Recently, a man named Leslie Brewer was on a street in Greenville, S.C. when comedian Amy Schumer jogged by. He began recording her with his phone. Schumer asked him to stop. He did not. For a few days, you could could see a video of their encounter on Brewer's Instagram. In it, Schumer is protesting over Brewer's shoulder while Brewer, half in the frame, smiles and manages an unapologetic "sorry." His caption: "Amy schumer just got mad at me and cussed me out lol!!! Awesome."

Maybe you are unsympathetic to a wealthy celebrity having her request for privacy--and her personal space--violated by some guy with a phone. But like Schumer, you and I have likely had photos or videos of us posted to social media without our consent. We may not be famous. But ubiquitous gadgets, social media and Wi-Fi have made us all public figures: Others have the power to offer us up for general consumption, and there is little we can do about it.

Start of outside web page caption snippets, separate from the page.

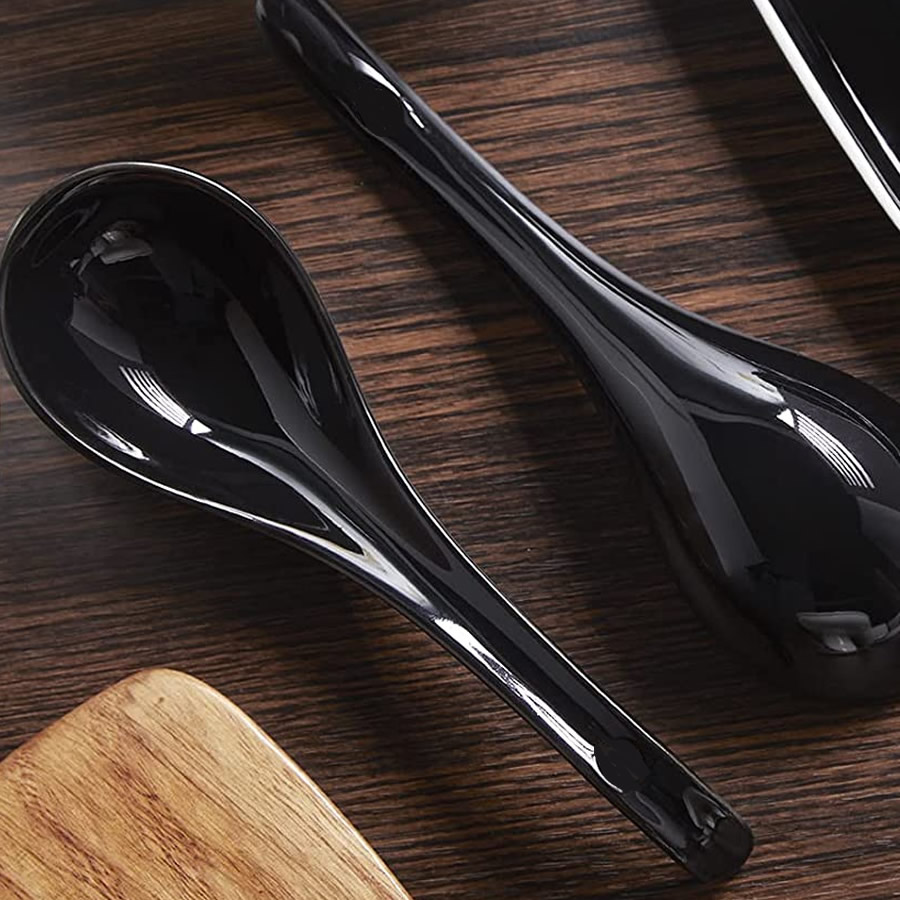 Black Ramen Spoon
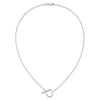 Sideways Diamond Initial Necklaces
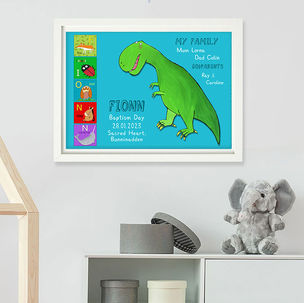 Personalised Dinosaur Christening Gift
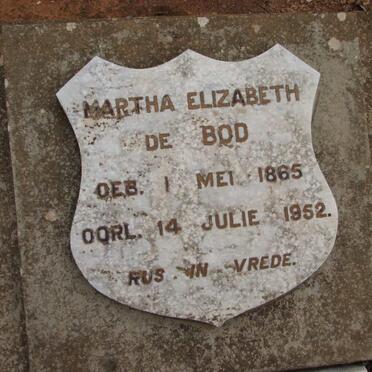 BOD Martha Elizabeth, de 1865-1952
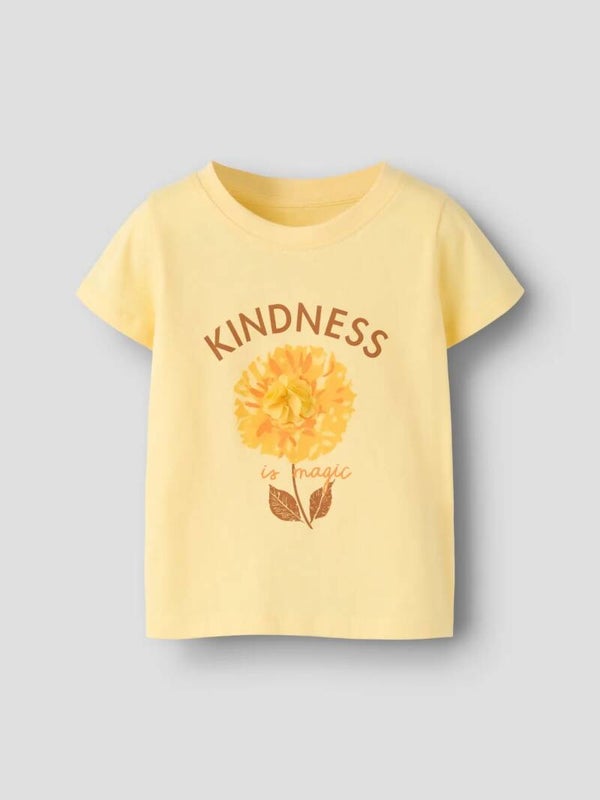 Name it t-shirt bloem geel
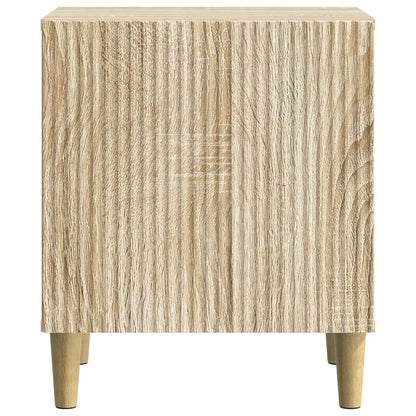 Bedside Cabinet Sonoma Oak 43 x 34.5 x 50 cm Engineered Wood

But there is more at stake now than privacy from each other. After the Snowden leaks, we became alarmed at how much the National Security Agency and local law enforcement know about our lives. (Recently, the former has admitted to sharing information on non-terrorist criminal activity with the latter--all gathered without a warrant.)

You should assume that every time you post photos, videos or personal information about yourself or someone else online, you are also tagging Big Brother. And it's not just the government. There's a saying in business: Data is the new oil. That would be our information: what groceries we order, what movies we stream, who we date or marry (and how often we break up), where we drive for dinner, how many miles we run, the sneakers we buy, and on and on. Governments and corporations pay massive amounts to software startups to create more efficient ways of harvesting the seeds we scatter with abandon around the Internet.

As image recognition APIs and apps improve, posting someone's likeness is becoming tantamount to naming them. To the delight of these corporate and government entities, we have become spies and enablers of spying, invaders of privacy and proliferators of competitive intelligence.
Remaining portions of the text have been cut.